Jusqu'à très récemment, les jeux n'étaient développés que pour Windows. Une faible portion était aussi disponible sur Mac OS (les jeux de Blizzard notamment), mais presque aucun sous Linux.
Avec l'arrivée de Steam sur ce système d'exploitation, les éditeurs ont commencé à reconsidérer leur vision du marché et de plus en plus de jeux sont compatibles avec Linux. Cet article cherche à présenter les différentes solutions que l'on peut avoir pour réaliser un développement multiplateforme.

En plus de ce premier objectif, une certaine volonté est prise pour proposer des solutions parmi les outils du monde du libre. Il existe un avantage certain à utiliser des logiciels dont le code source est ouvert :

  • possibilité d'étendre le logiciel à ses besoins ;
  • support de la communauté (corrections de bogues, évolution de l'outil) ;
  • maîtrise de l'avenir de l'outil (les logiciels propriétaires ne sont que le fruit d'un studio de développement spécifique qui peut changer totalement d'objectif en cours de route).

Un logiciel libre ne veut pas nécessairement dire gratuit. Un logiciel dont le code source est disponible n'est pas nécessairement libre d'utilisation (exemple : Unreal Engine).

Un logiciel libre n'est pas dans le domaine public.

II. Programmation

II-A. Logiciels

Les programmeurs ont besoin de plusieurs logiciels pour réaliser le jeu :

  • un compilateur (transformant le code source en code machine) ;
  • un éditeur (pour aisément produire le code source) ;
  • un ou plusieurs outils de débogage.

Chaque langage possède ses propres outils et il sera difficile de tous les énumérer.

II-A-1. Compilateur

Le compilateur le plus connu est certainement GNU Compiler Collection (GCC) (sous Linux et MAC OS), MinGW (sous Windows), sous licence GNU GPL 3+. Il est capable de compiler du code C, C++, Java, Go, D….

Le second compilateur pouvant intéresser le développeur est LLVM (clang pour compiler du C et C++) sous licence University of Illinois/NCSA Open Source License.

Ces deux compilateurs peuvent s'utiliser sur n'importe quel système.

II-A-2. Éditeur de code

Dans les éditeurs de code, deux sous-catégories existent : les éditeurs de code et les Environnements de Développement Intégré (EDI).

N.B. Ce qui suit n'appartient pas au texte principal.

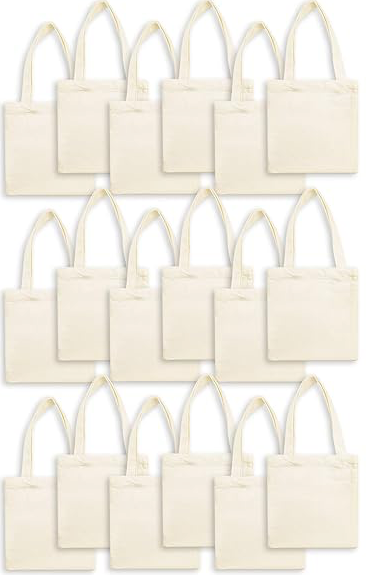 Mini Tote Bag Sublimation Blank Canvas Tote Bags Reusable Grocery Luggage DIY Sack Goody for Party Even(9 x 8 Inch,Natural Color,12 Pcs)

Le premier type ne consiste qu'en un simple éditeur de texte proposant des fonctionnalités pour aider à l'écriture du code (complétion automatique, coloration syntaxique), alors que les EDI embarquent en plus un compilateur, un débogueur et d'autres outils complétant ainsi le processus de création d'une application.

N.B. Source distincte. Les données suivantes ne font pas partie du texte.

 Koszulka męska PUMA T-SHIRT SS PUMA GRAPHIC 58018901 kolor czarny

Pour les éditeurs de code, on pourra se référer à vim et GNU Emacs, certes des outils issus du monde libre, mais qui ont tout de même été porté sur Windows.

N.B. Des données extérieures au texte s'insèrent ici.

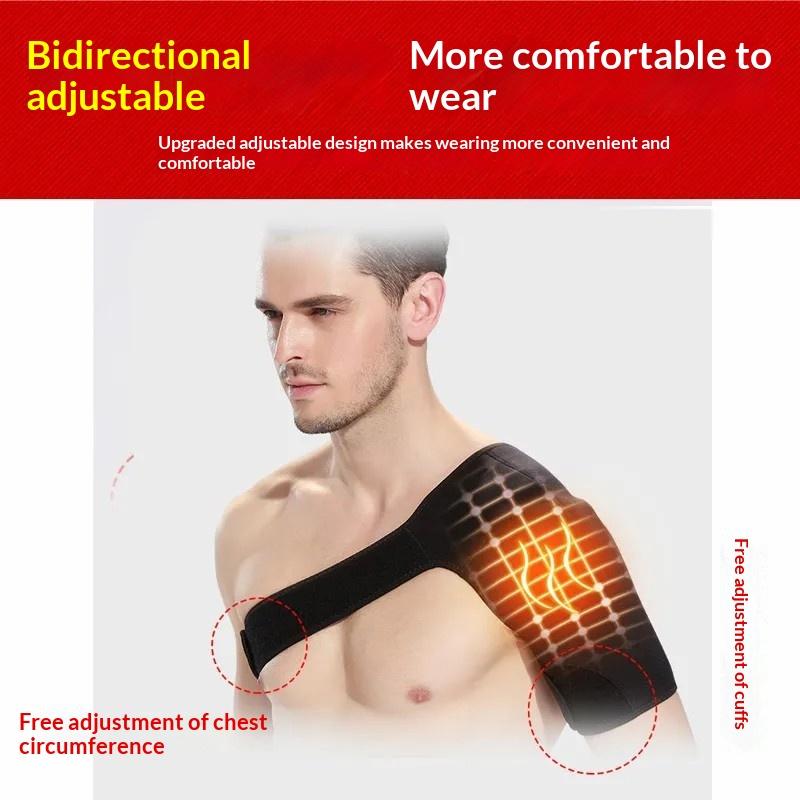 1Pcs Single Shoulder Support Self Heating Brace for Pain Relief Adjustable Heat Massager for Sports Physical Therapy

Du côté des EDI, on pourra citer : Qt Creator (qui n'est pas uniquement lié au développement de projets avec la bibliothèque Qt), Code::Blocks, Geany, Eclipse, NetBeans. Il en existe d'autres encore, mais ce sont les plus connus/utilisés.

II-A-3. Outils de débogage

Finalement, écrire le code ne suffit pas, car celui-ci peut contenir des bogues. Ainsi, il est nécessaire, pour le programmeur, d'avoir des outils de débogage comme le GNU Debugger (pour Windows, il est inclus dans MinGW), connu sous l'acronyme « gdb », ou encore Valgrind/Dr. Memory pour les fuites de mémoire.

II-B. Bibliothèques

De nombreuses bibliothèques existent pour faire du développement de jeux vidéo, multiplateformes :

  • SDL 2 : bibliothèque C, sous licence zlibPour la programmation, permettant de faire des jeux pour Windows, Linux, Mac OS X, Android et iOS. La bibliothèque est utilisée dans plus de 700 jeux ;
  • Allegro : bibliothèque C, sous licence spécifique, permettant de faire des jeux pour Windows, Linux, Mac OS X ;
  • SFML : bibliothèque C++, sous licence zlib/png, permettant de faire des jeux pour Windows, Linux, Mac OS et de manière expérimentale pour Android et iOS ;
  • LibGDX : bibliothèque JAVA sous licence Apache, permettant de faire des jeux pour Windows, Linux, MAC OS X, Android, BlackBerry, iOS, Navigateurs Internet ;
  • pygame : bibliothèque Python (reposant en grande partie sur la SDL), sous licence LPGL, permettant de faire des jeux pour Windows, Linux, MAC OS X ;
  • flixel : bibliothèque Action Script sous licence MIT, permettant de faire des jeux dans le navigateur Internet. Cette bibliothèque est à l'origine de Canabalt ;
  • MonoGame : réimplémentation libre de XNA de Microsoft. Bibliothèque C# sous licence Microsoft Public Licence, permettant de faire des jeux pour Linux, Windows, Windows Phone, Android, iOS, PlayStation 4, PlayStation Mobile, Xbox 360 et MAC OS X. MonoGame a été utilisée dans la réalisation de Bastion, FEZ, TowerFall… ;
  • Ogre 3D : moteur de rendu 3D en C++, sous licence MIT, permettant de faire des jeux pour Windows, Linux, MAC OS X, Android, iOS, Windows Phone, Navigateurs Internet. Le moteur a été utilisé dans la réalisation de Torchlight ;
  • Irrlicht : moteur de jeux en C++, sous licence zlibPour la programmation, permettant de faire des jeux pour Windows, Linux, MAC OS X, Symbian OS, iPhone, Playstation Portable et Xbox ;
  • OpenSceneGraph : boîte à outils open source pour les graphismes 3D en C++, sous licence OSGPL, permettant de faire des applications 3D pour Windows, Linux, MAC OS X, iOS et Android ;
  • PlayCanvas 3D : moteur de jeux 3D sous licence MIT pour la réalisation de jeux en HTML 5.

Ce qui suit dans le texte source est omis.